■ Goal of the exercise:
Copy exactly the lines of the data below, beginning with the line with "4th image of 3400 Driftwood Dr" and ending with the line with "Residence photo 15". Pictures are to be omitted.

-- Given data follows --

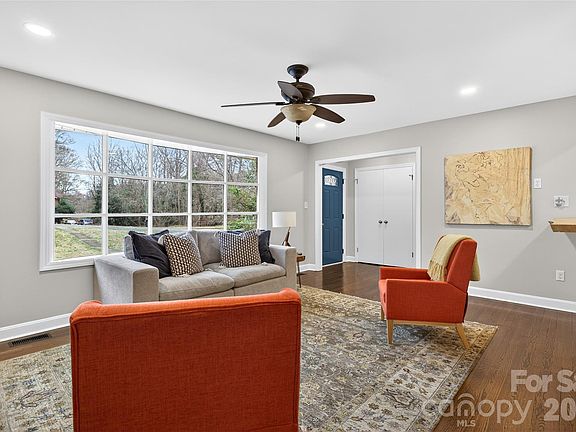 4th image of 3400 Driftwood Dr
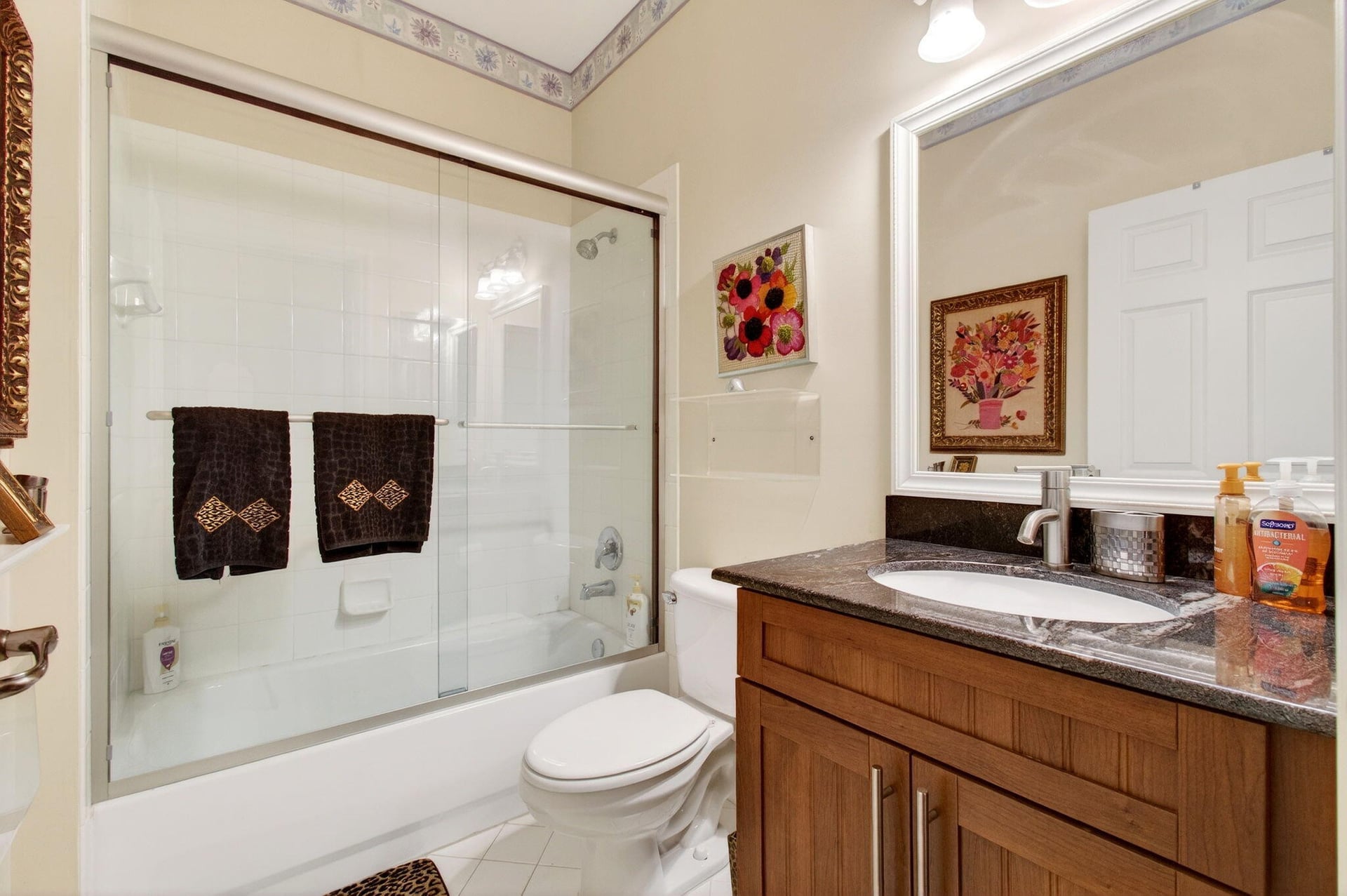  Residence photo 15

-- Given data concluded --
-- Given data follows --

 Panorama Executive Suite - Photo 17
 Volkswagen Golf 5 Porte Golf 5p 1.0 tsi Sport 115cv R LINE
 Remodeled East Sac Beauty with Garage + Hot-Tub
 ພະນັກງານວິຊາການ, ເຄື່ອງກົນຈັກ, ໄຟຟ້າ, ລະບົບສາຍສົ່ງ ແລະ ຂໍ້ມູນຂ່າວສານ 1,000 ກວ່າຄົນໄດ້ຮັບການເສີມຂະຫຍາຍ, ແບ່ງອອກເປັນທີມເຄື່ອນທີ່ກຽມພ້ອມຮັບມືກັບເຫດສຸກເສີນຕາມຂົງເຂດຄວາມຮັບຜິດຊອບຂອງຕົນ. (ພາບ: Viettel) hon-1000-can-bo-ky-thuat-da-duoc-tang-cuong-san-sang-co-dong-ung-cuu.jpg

-- Given data concluded --
-- Given data follows --

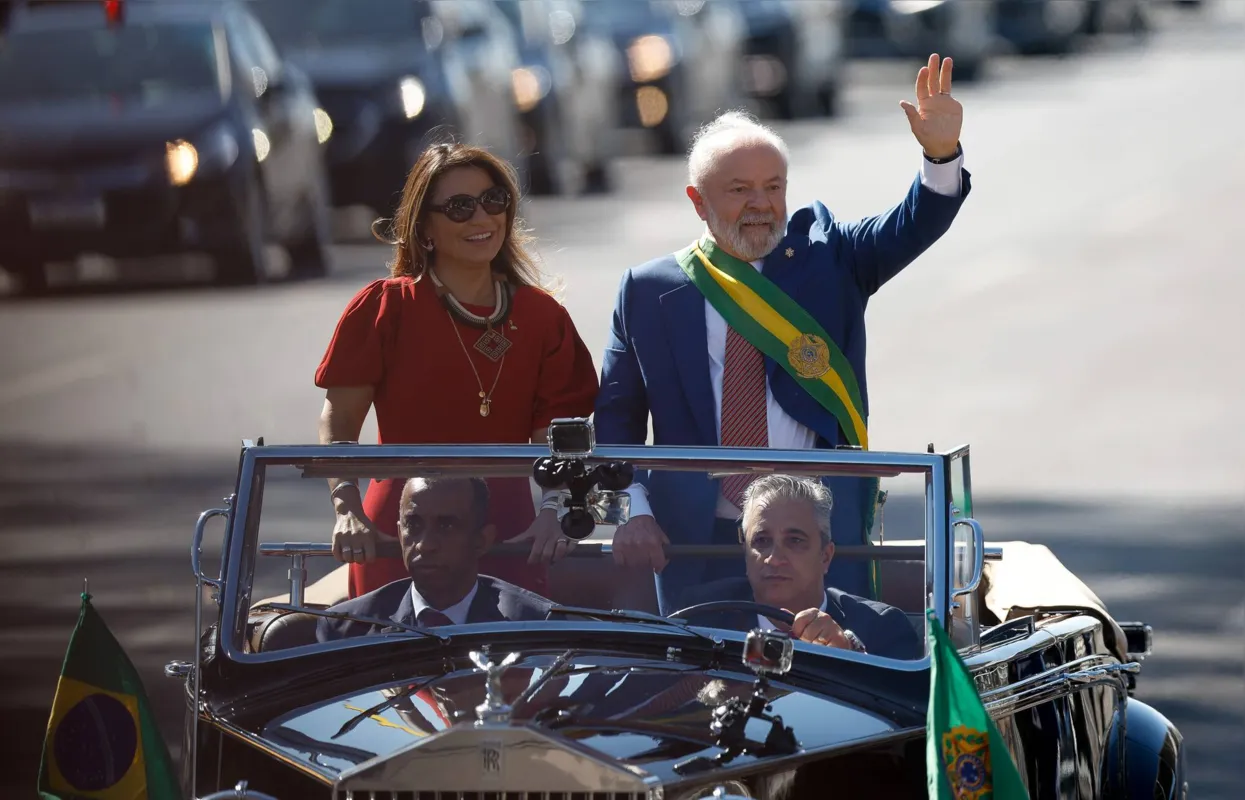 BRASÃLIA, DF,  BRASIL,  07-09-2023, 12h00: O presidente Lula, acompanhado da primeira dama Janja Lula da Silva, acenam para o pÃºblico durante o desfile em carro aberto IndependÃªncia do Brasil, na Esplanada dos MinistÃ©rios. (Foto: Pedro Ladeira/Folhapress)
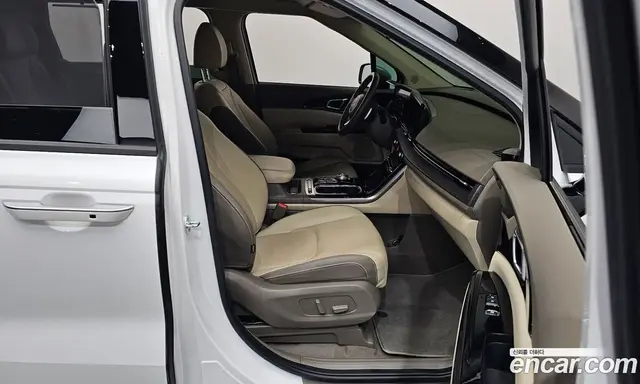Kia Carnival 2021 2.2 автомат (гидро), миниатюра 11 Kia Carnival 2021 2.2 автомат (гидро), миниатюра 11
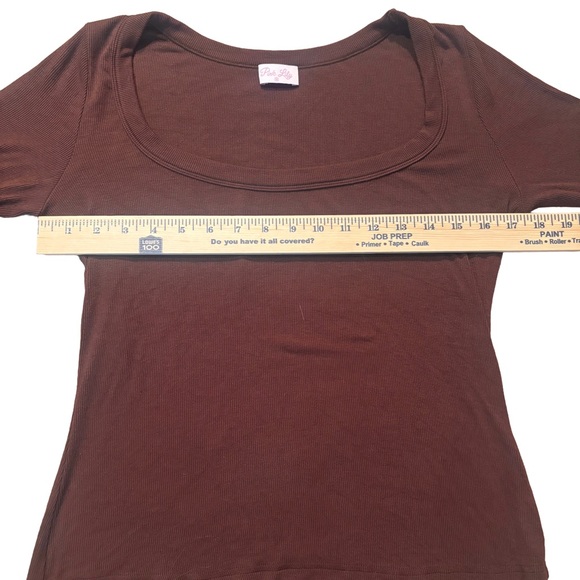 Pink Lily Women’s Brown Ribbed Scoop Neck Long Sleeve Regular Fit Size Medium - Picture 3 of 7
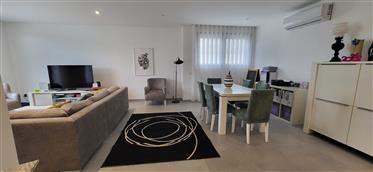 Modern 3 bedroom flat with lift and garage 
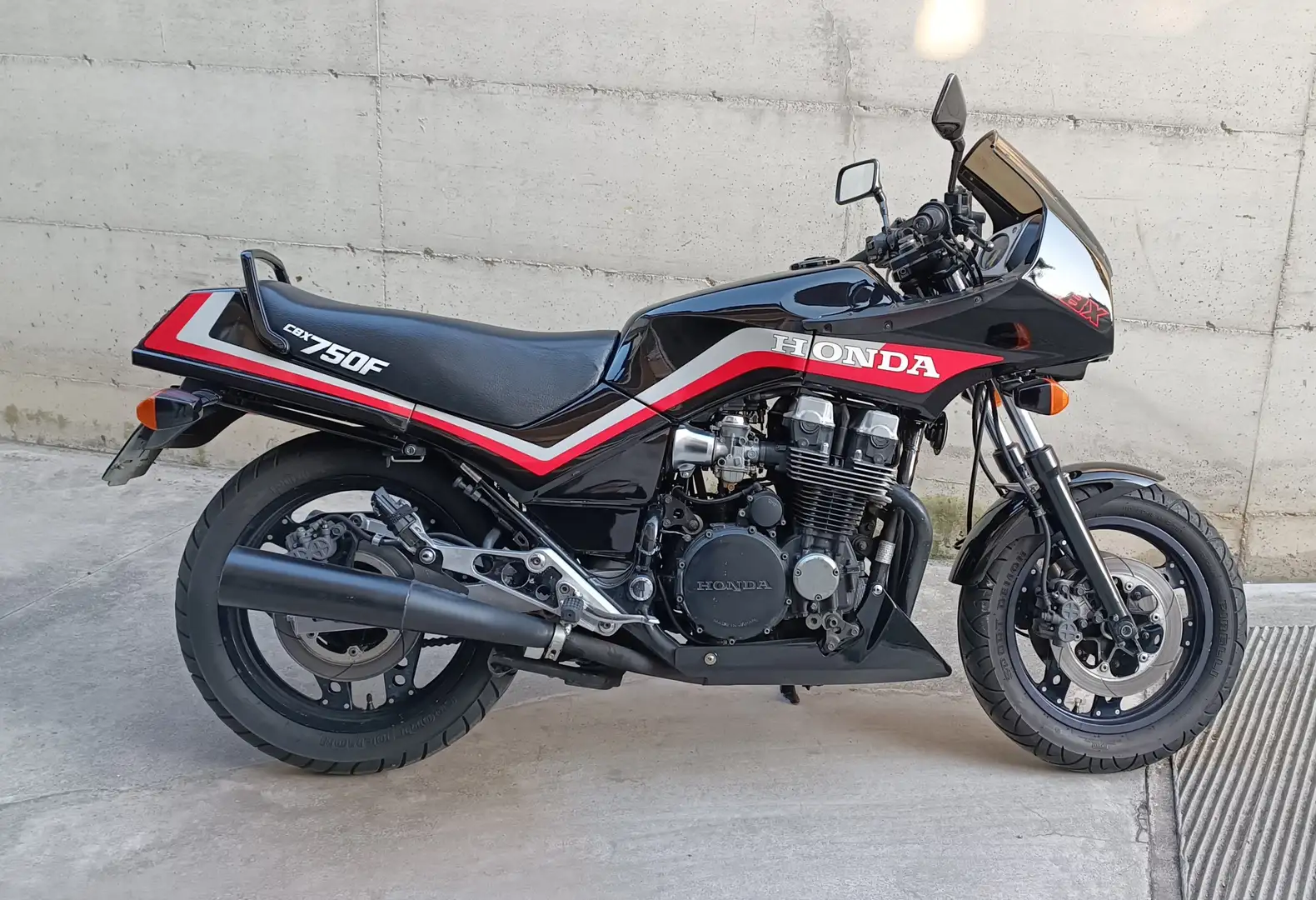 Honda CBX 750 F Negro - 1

-- Given data concluded --

■ Result of this task:
 4th image of 3400 Driftwood Dr
  Residence photo 15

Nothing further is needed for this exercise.